Neural Networks
Adding hidden layers to the neural network causes the objective function to become non-convex. Further more, since the activations of the hidden layers are unobserved, we do not know what the function itself is!
Backpropogation Algorithm
This algorithm uses the chain rule and memoization for differentiating output layers wrt the internal layers.
Consider a network with one hidden layer with two neurons, whose activation functions are represented by $g_1$ and $g_2$, and an output layer with activation $f$. For inputs $x,y,z,w$ the output could be:
\[output = f(w^2_1g_1(w^1_1x+w^1_2y)+w^2_2g_2(w^1_3z+w^1_4w))\]The derivative wrt $w^1_1$ can now be written as follows using the chain rule.
\[\frac{\partial o}{\partial w^1_1} = \frac{\partial f}{\partial w^1_1} = \frac{\partial f}{\partial g_1}\frac{\partial g_1}{\partial w^1_1}\]This is where memoization kicks in, we could store the values of these partial derivatives for use later speeding up the computations.
We memoize partial derivatives, products and sums of products.
Notation
The output layer is denoted as the $L$’th layer, and the hidden layers behind it are $l$’th, $l-1$’th and so on. (right to left)
$\sigma^l_i$ is the $i$’th neuron in the $l$’th hidden layer.
$w^l_{ij}$ is the weight connecting the $i$’th neuron in the $(l-1)$’th layer and $j$’th neuron in the $l$’th layer. (zero indexing)
$\text{sum}^l_i$ is the input argument to $\sigma^l_i$, given by $\sum_t w^l_{ti} \sigma_t^{l-1}$.
Therefore, the L2 regularized objective function to be minimized is:
\[\begin{align} E(w) &= -\frac{1}{m}\left[ \sum_i \sum_k y_k^{(i)}\log\sigma^L_k(x^{(i)}) + (1-y_k^{(i)})\log(1-\sigma^L_k(x^{(i)}))\right] \\ &+ \frac{\lambda}{2m}\sum_l\sum_i\sum_j (w^l_{ij})^2 \\ \end{align}\]That is, the objective function only looks at the output layer, but the regularization parameter penalizes ALL weights!

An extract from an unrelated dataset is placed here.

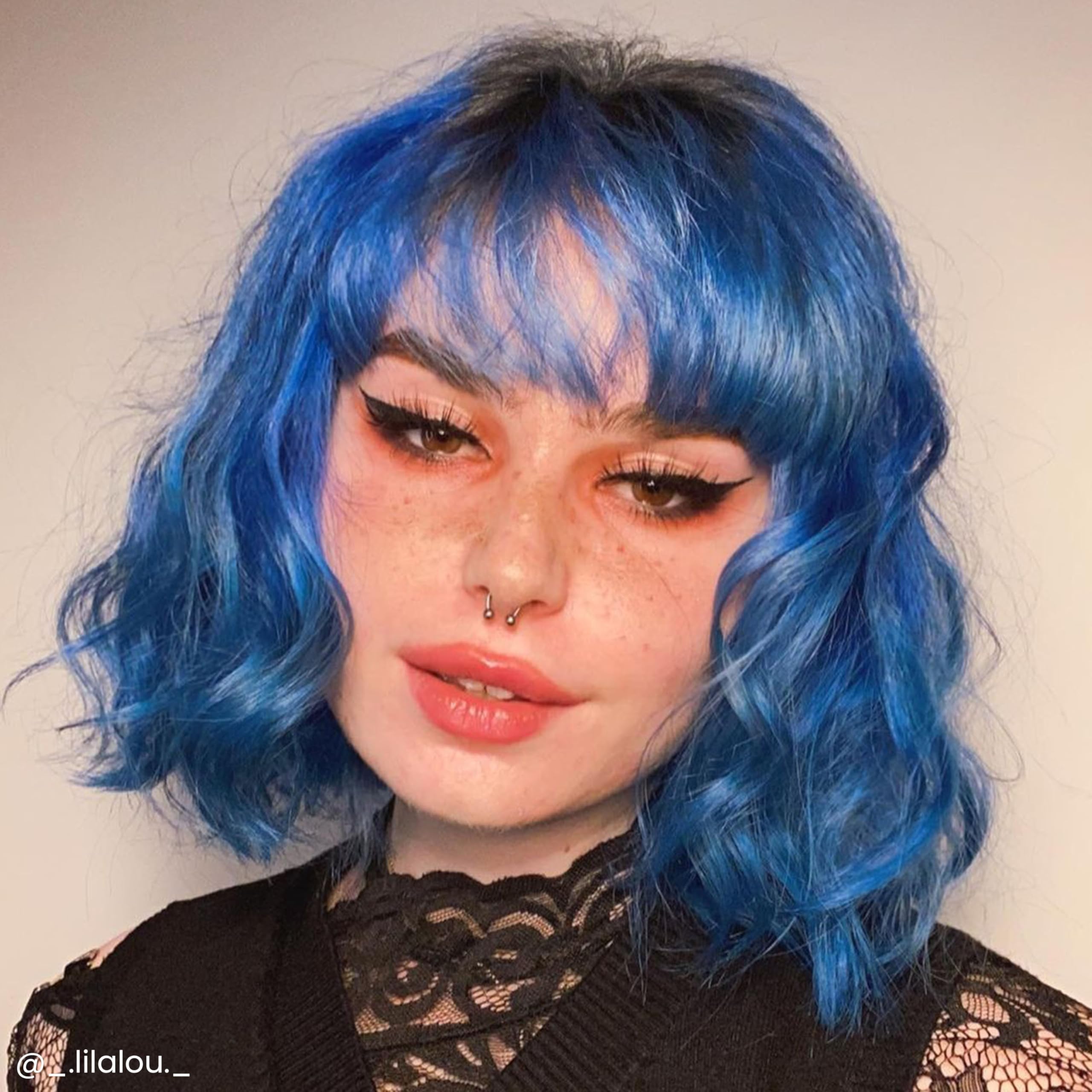 Applying Poseidon to hair to achieve even blue tone with conditioning formula.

Equations for backpropogation
\[\frac{\partial E}{\partial w^l_{ij}} = \frac{\partial E}{\partial \sigma_j^l}\frac{\partial \sigma_j^l}{\partial \text{sum}^l_j}\frac{\partial \text{sum}^l_j}{\partial w^l_{ij}}\]The values of each individual partial derivative have been given below.
\[\begin{align} \frac{\partial E}{\partial \sigma_j^l} &= \sum_p \frac{\partial E}{\partial \sigma_p^{l+1}}\frac{\partial \sigma_p^{l+1}}{\partial sum_p^{l+1}}\frac{\partial sum_p^{l+1}}{\partial \sigma^l_{ij}} \\ \frac{\partial \sigma_j^l}{\partial \text{sum}^l_j} &= \text{(just differentiate the activation function)} \\ \frac{\partial \text{sum}^l_j}{\partial w^l_{ij}} &= \sigma_i^{l-1} \\ \end{align}\]Note that the rhs of the first equation would have already been stored in the previous iteration of the algorithm.